Metformin is excreted unchanged in the urine, primarily through renal tubular secretion [43]. This excretion pathway underscores the importance of renal function in patients taking metformin, as impaired renal function can lead to drug accumulation and increased risk of adverse effects. Understanding these pharmacokinetic properties is essential for optimizing metformin therapy in managing type 2 diabetes.

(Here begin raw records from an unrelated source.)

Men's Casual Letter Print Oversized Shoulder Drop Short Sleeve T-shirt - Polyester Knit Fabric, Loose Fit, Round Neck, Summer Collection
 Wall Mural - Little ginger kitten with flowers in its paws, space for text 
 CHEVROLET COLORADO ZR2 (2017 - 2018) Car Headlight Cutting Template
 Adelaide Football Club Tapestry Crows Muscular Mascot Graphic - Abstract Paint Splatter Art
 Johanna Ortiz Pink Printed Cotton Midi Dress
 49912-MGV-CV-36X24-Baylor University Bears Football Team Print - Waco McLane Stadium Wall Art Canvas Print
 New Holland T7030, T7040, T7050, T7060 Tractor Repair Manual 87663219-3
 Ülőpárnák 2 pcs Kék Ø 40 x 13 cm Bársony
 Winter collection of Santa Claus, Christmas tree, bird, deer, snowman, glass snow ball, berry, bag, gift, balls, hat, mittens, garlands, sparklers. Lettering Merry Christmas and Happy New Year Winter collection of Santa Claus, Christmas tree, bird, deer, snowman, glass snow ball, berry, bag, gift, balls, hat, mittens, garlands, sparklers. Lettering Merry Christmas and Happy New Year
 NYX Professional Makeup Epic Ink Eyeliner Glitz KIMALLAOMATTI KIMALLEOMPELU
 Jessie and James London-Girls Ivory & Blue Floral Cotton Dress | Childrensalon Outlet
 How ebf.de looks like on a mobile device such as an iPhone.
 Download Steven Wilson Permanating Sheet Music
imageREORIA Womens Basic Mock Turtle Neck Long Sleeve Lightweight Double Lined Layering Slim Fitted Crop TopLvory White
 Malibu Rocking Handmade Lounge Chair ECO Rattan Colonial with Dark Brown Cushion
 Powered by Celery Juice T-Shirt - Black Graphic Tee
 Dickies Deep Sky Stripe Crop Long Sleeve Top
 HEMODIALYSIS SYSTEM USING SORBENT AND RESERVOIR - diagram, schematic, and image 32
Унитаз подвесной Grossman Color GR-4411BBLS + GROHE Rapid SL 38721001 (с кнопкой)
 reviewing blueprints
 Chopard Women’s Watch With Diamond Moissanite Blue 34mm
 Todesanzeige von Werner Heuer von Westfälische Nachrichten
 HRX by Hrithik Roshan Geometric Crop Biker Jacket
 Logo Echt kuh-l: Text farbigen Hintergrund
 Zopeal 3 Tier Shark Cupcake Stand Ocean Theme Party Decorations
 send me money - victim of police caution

7. Research Gaps and Future Directions
Personalized Metformin Therapy
The Promise of Personalized Metformin Therapy Personalized metformin therapy offers significant potential for improving diabetes management. This approach acknowledges the complex interplay of factors influencing a patient’s response to metformin, including genetics, health conditions, other medications, lifestyle, and environment. By understanding these individual variations, dosages can be tailored for optimal effectiveness and minimized side effects.
To unlock the full potential of personalized metformin therapy, ongoing research efforts must prioritize several key areas.
Firstly, a deeper understanding of individualized responses to metformin is crucial. Identifying how specific patient characteristics, including genetic, metabolic, and environmental factors, influence metformin’s efficacy and safety will pave the way for precise, tailored dosing strategies.
Secondly, expanding studies to encompass diverse diabetic populations is vital. This will reveal potential variations in metformin’s pharmacokinetic and pharmacodynamic profiles across different ethnicities, age groups, and those with varying disease severity.
Finally, research must translate these findings into practical tools and guidelines that empower healthcare professionals to implement personalized metformin treatment plans in routine clinical practice easily.
Personalized metformin therapy promises to transform diabetes care. By optimizing dosing and minimizing side effects, patients are more likely to experience improved glucose control, potentially reducing long-term complications and enhancing their quality of life.
8. Conclusion
Metformin’s pharmacokinetics and pharmacodynamics are complex and influenced by numerous factors, including genetics, co-existing health conditions, potential drug-drug interactions, lifestyle, and environmental variables. This complexity makes it challenging to isolate the effects of metformin alone, especially in diabetic patients who often experience multiple health issues. Consequently, this contributes to variability in the reported data regarding metformin’s optimal dosing, mechanisms, and side-effect profile. Despite these challenges, metformin’s impact on metabolic pathways and its positive effect on glucose management are well-established. Future research focusing on personalized approaches promises to optimize further metformin therapy for individuals with diabetes.